Word for word, reproduce each line of the data below, omitting every image.

══ Listed entries

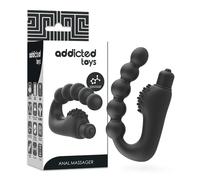 Vibratore Massaggiatore Prostatico anale vibrante Dildo Plug Prostata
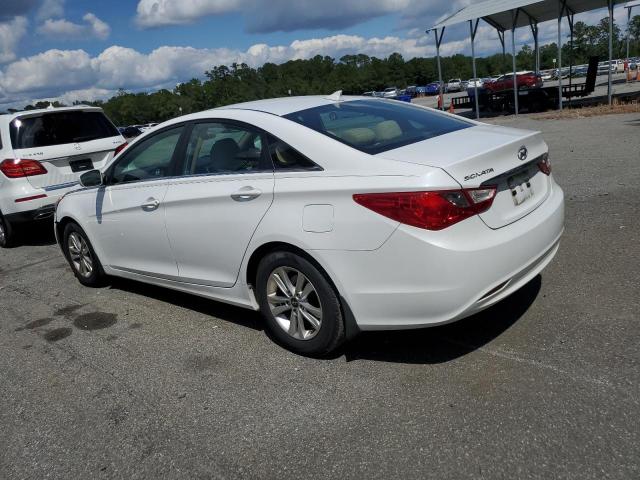 Photo 2 from auction – 2012 HYUNDAI SONATA GLS with VIN 5NPEB4ACXCH433560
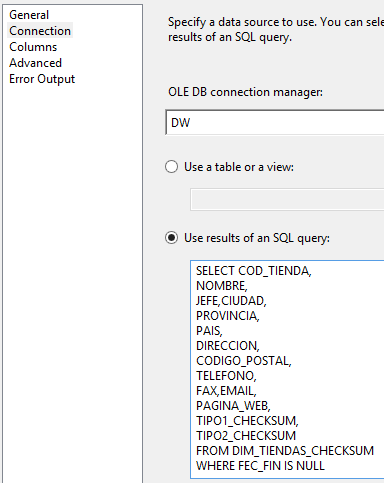 Carga de Slowly Changing Dimensions y tabla de Hechos con atributos de Tipo 2 (Parte 3 de 3) 4 Carga de Slowly Changing Dimensions y tabla de Hechos con atributos de Tipo 2 (Parte 3 de 3)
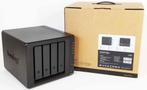 Synology DS918+ NAS met 4x3TB + 2x400GB SSD + 16GB RAM, Ophalen of Verzenden, Gebruikt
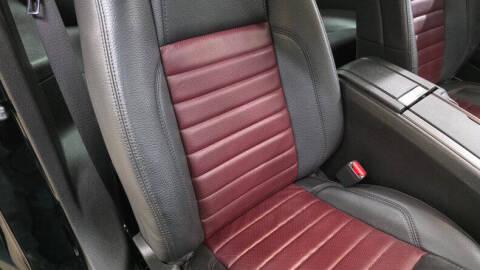 2012 Ford Mustang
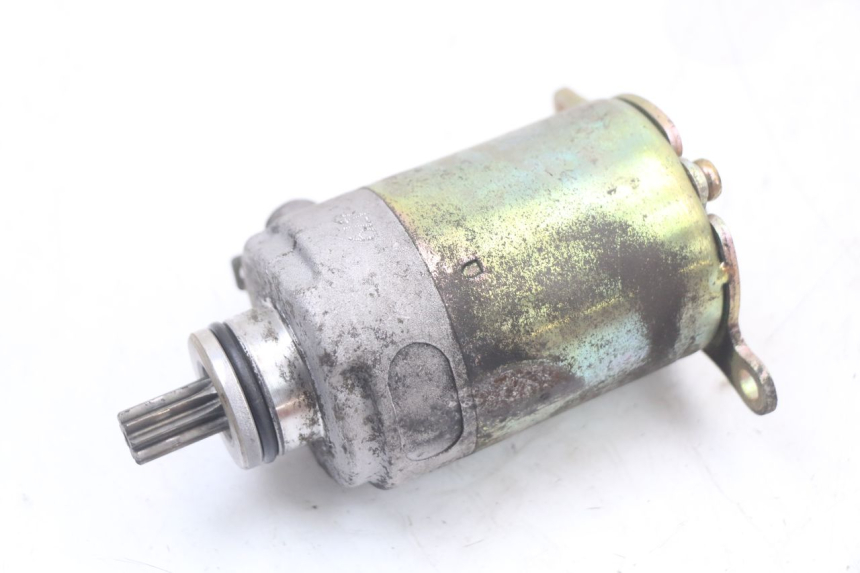 photo de ARRANQUE PEUGEOT DJANGO 125 (2014 - 2017) - Zoom estado de uso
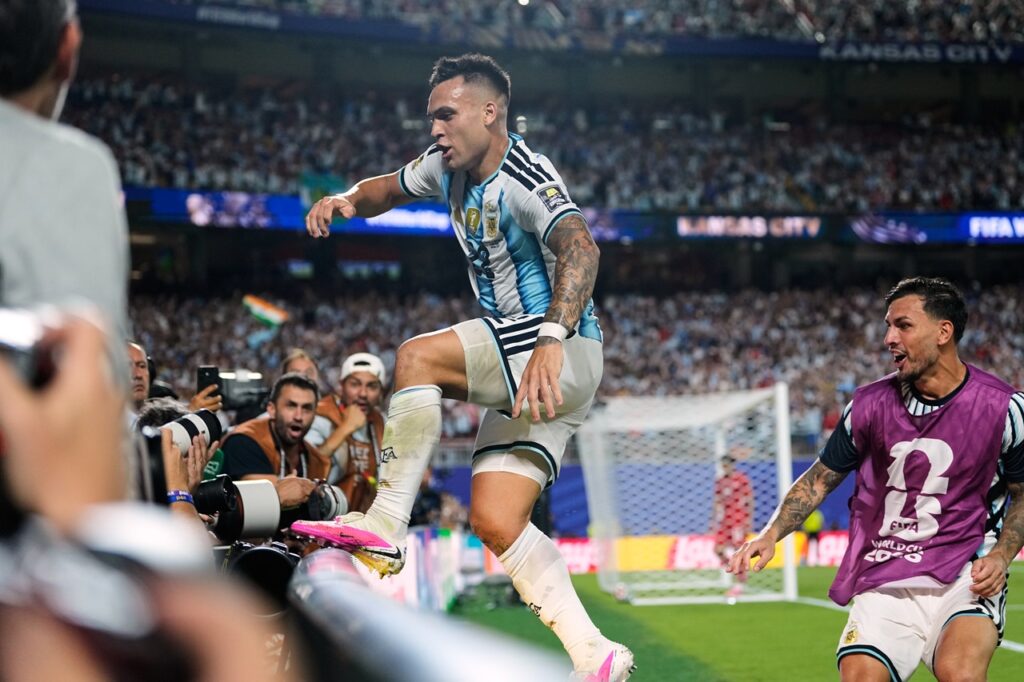 Lautaro Martinez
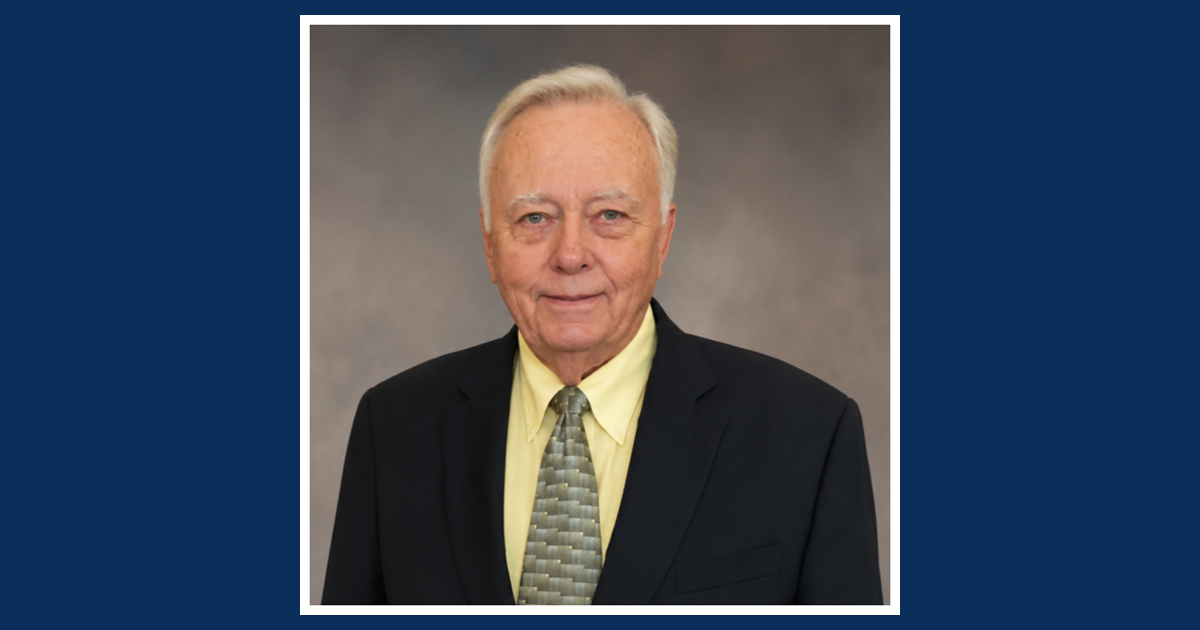 Larry Joe Wilson
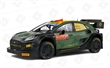 Ford Puma Rally1 Hybrid #7 Bertelli/Granai Rally New Zealand 2022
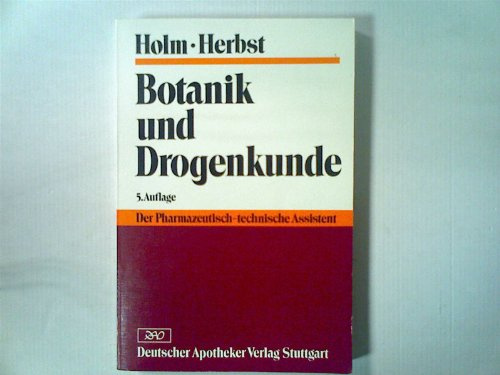 Botanik und Drogenkunde (Paperback pta)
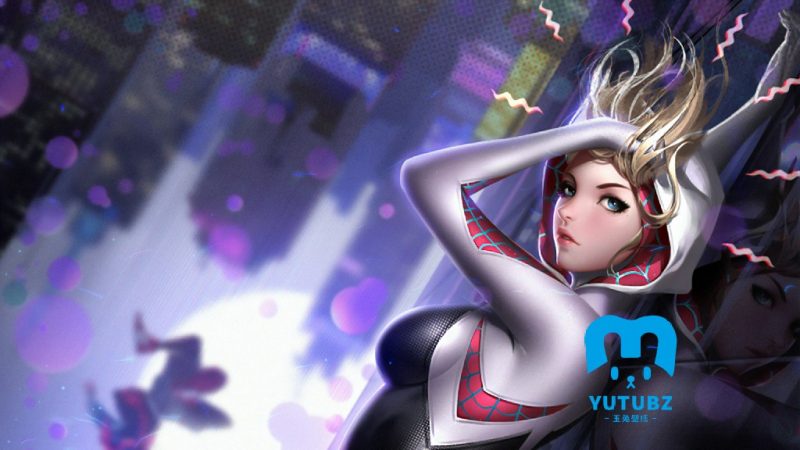 幻灯片-玉兔4K壁纸！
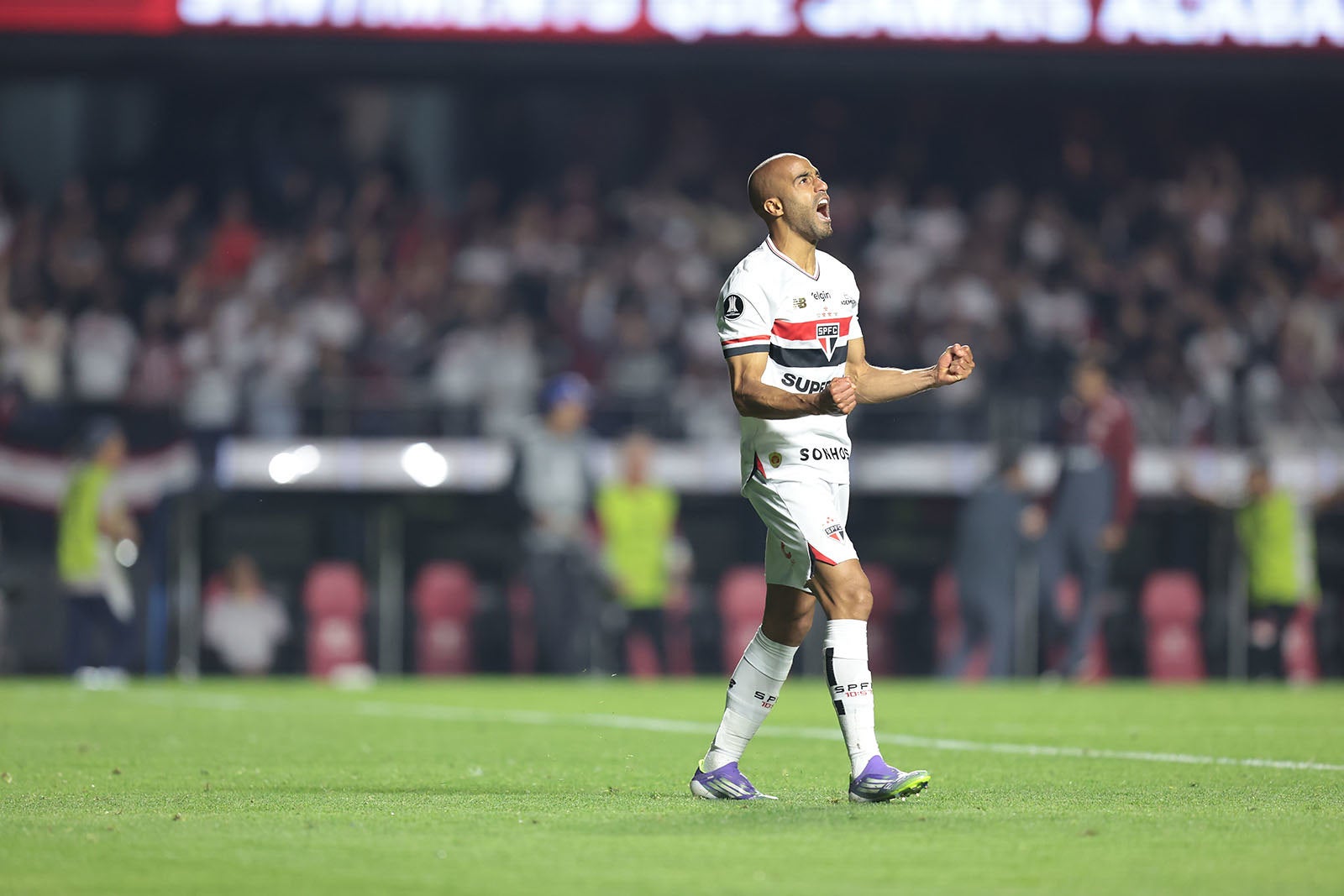 Saiba quanto o São Paulo pode ganhar em premiação caso se classifique para semifinal da Libertadores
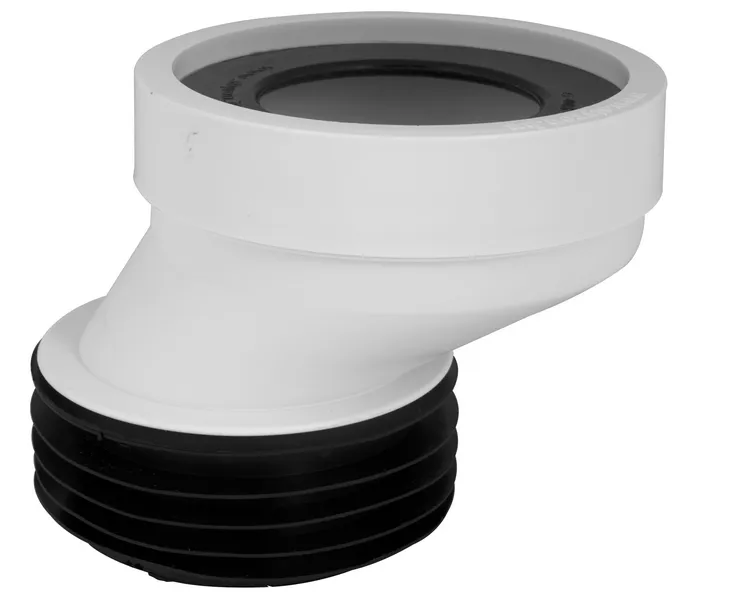 Manžeta ekscentar STYRON za WC školjku 2 cm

════

* Output for this exercise *
 Vibratore Massaggiatore Prostatico anale vibrante Dildo Plug Prostata
 Photo 2 from auction – 2012 HYUNDAI SONATA GLS with VIN 5NPEB4ACXCH433560
 Carga de Slowly Changing Dimensions y tabla de Hechos con atributos de Tipo 2 (Parte 3 de 3) 4 Carga de Slowly Changing Dimensions y tabla de Hechos con atributos de Tipo 2 (Parte 3 de 3)
 Synology DS918+ NAS met 4x3TB + 2x400GB SSD + 16GB RAM, Ophalen of Verzenden, Gebruikt
 2012 Ford Mustang
 photo de ARRANQUE PEUGEOT DJANGO 125 (2014 - 2017) - Zoom estado de uso
 Lautaro Martinez
 Larry Joe Wilson
 Ford Puma Rally1 Hybrid #7 Bertelli/Granai Rally New Zealand 2022
 Botanik und Drogenkunde (Paperback pta)
 幻灯片-玉兔4K壁纸！
 Saiba quanto o São Paulo pode ganhar em premiação caso se classifique para semifinal da Libertadores
 Manžeta ekscentar STYRON za WC školjku 2 cm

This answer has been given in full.